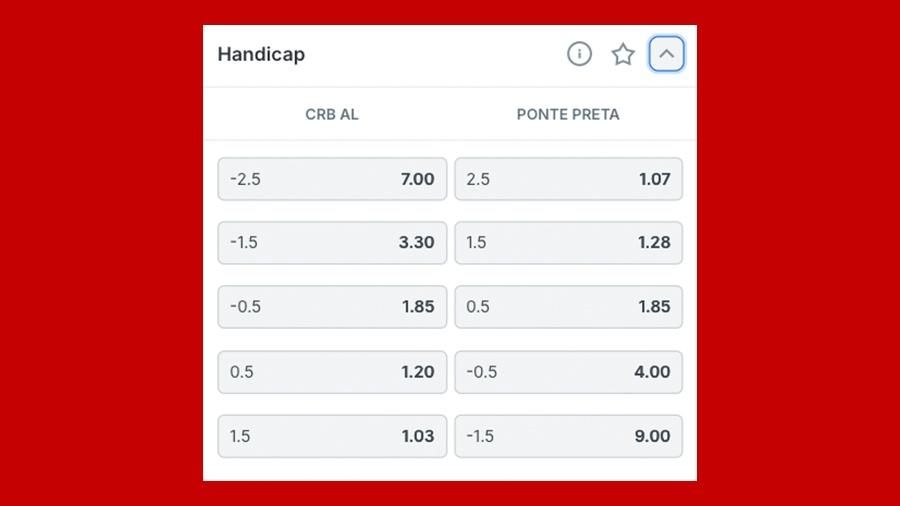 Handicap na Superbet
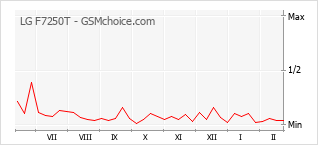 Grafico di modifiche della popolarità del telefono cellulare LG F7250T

---

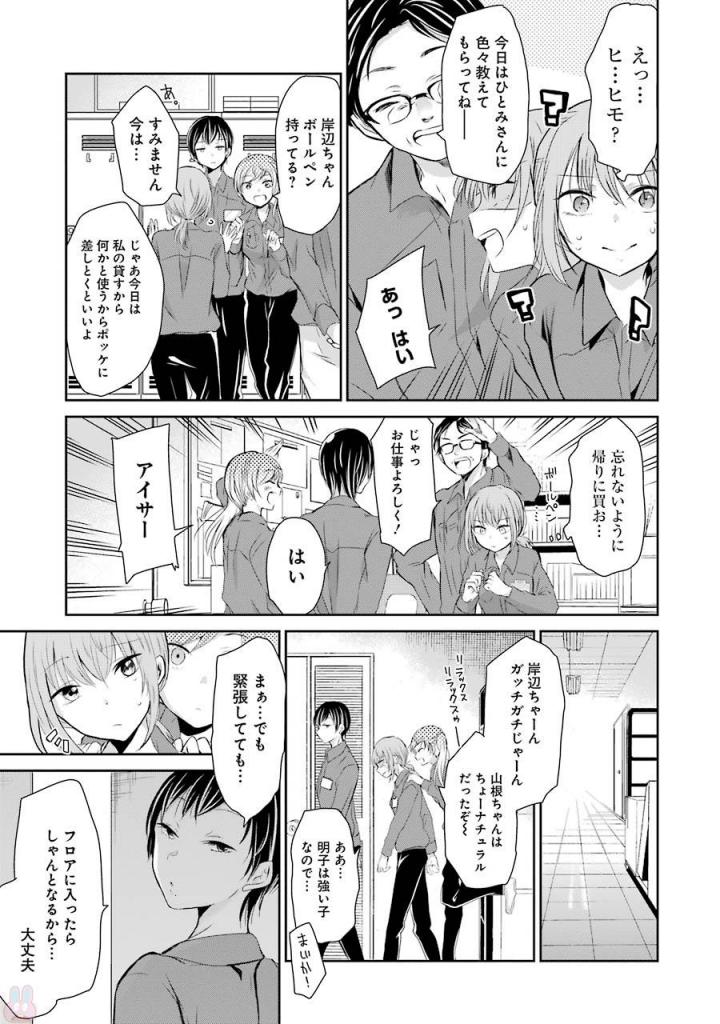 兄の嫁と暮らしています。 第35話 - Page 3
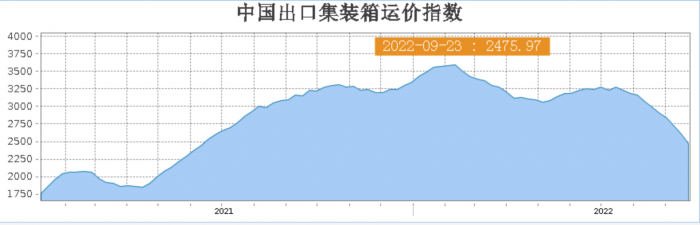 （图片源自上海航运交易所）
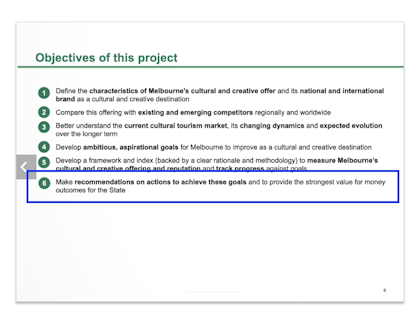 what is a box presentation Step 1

==

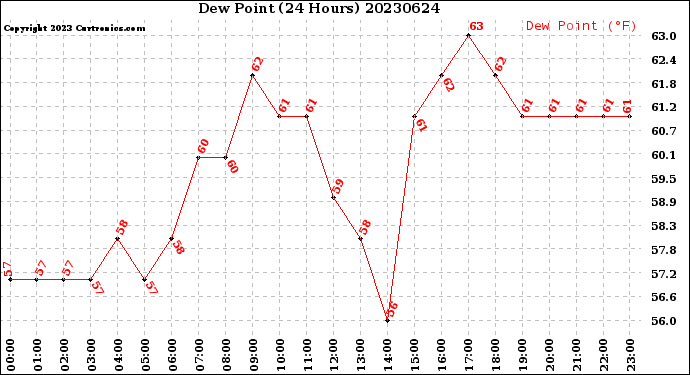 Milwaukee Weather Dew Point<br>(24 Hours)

**ACTIVITY**
Beginning with the line above that has "Handicap na Superbet" and going on through the line that has "Grafico di modifiche", retype every line exactly and add nothing else; drop the pictures.

**OUTPUT FOR THIS EXERCISE**
 Handicap na Superbet
 Grafico di modifiche della popolarità del telefono cellulare LG F7250T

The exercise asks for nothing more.